While retirement years were once thought to be time for much needed rest, relaxation, and a generally low-key lifestyle, today’s retirees are redefining what the “golden years” are truly all about. With more time on your hands, you may find yourself ready to take on new adventures and activities. Whether it be traveling the world, jet setting on the trip of a lifetime, or even maximizing the opportunity to begin your encore career or start your own business – when it comes to today’s retirement, the possibilities are truly endless. However, regardless of how you plan to spend your golden years – doing so will likely come at a cost. And perhaps the biggest question at hand is this – what kind of retirement lifestyle can you actually afford?

The best place to start is by considering your retirement income plan and then translating it into what you expect to spend. As a starting point, consider these 4 phases of retirement – and the spending patterns you may encounter in each.

Pre-Retirement Years (Ages 50 – ≈62)
As you settle into what could be your final decade in the workforce, retirement is on the horizon. And while saving for retirement may be top of mind, it’s no secret that these years also come with their fair share of expenses – and often costly ones at that. From kids’ college tuition, to paying for a wedding, or even making a down payment on a new home, there are significant expenses you’ll likely encounter in your 50s and 60s.

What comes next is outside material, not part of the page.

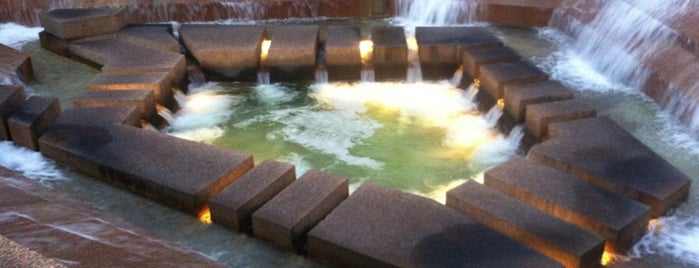 Fort Worth Water Gardens is one of Dallas To-Do List.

So how can you balance these costs with saving for retirement? At this stage, it’s important to start taking account of your anticipated income and expenses once you leave the workforce. The closer you get, the clearer a picture you’ll have of what your nest egg, income, and expenses will look like in retirement. But what if the picture isn’t quite as bright and promising as you’d like it to be?

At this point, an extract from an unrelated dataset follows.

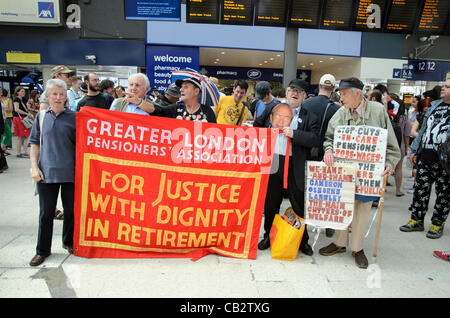 Londra, Regno Unito. 26 maggio 2012 Regno Unito - i manifestanti di UK uncut presso la stazione ferroviaria di Waterloo per protestare contro Regno Unito tagli e misure di austerità. Foto Stock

According to estimates by the U.S. Government Accountability Office (GAO), nearly half (48%) of households headed by someone age 55 or older lack any form of retirement savings1. If you fall into this group or haven’t yet reached your financial goals, now is the time to start saving more aggressively. Doing so could be as easy as finding ways to eliminate wasteful spending to redirect more money to bolstering your retirement savings. And with more and more people opting to work longer or find ‘second act’ via jobs in retirement, you can also create a game plan for generating additional income.

Early Retirement (≈62-70)
You made it – retirement! With more free-time and flexibility, you likely have some ideas on how you plan to spend your post-workforce lifestyle. However, early retirement years are when you should expect some of the most significant changes to your budget.

Unless you have a pension, the days of receiving a steady paycheck may come to an end. And without this regular source of income, you’ll need to start planning how to best manage your funds for your retirement – both now and in the future. Be sure to revisit your plan for claiming Social Security benefits. While the minimum age to start collecting is 62, waiting until the full retirement age of 66 or 67, or the maximum age of 70 could mean a greater payout. Without employer-sponsored health insurance, you may also need to plan how you, your spouse, and any dependents will get coverage without your existing policy.

In adjusting to a limited or fixed income, you may find yourself in need of some additional cash. For many early retirees, this means taking on a part-time job or turning your passions into a business opportunity. Whether it be a few hours working at a local library, coffee shop or bakery each week – or providing guidance and assistance at the pro-shop at your nearby golf course, the possibilities here are endless. If you have a passion – there is likely a way to make some money from it!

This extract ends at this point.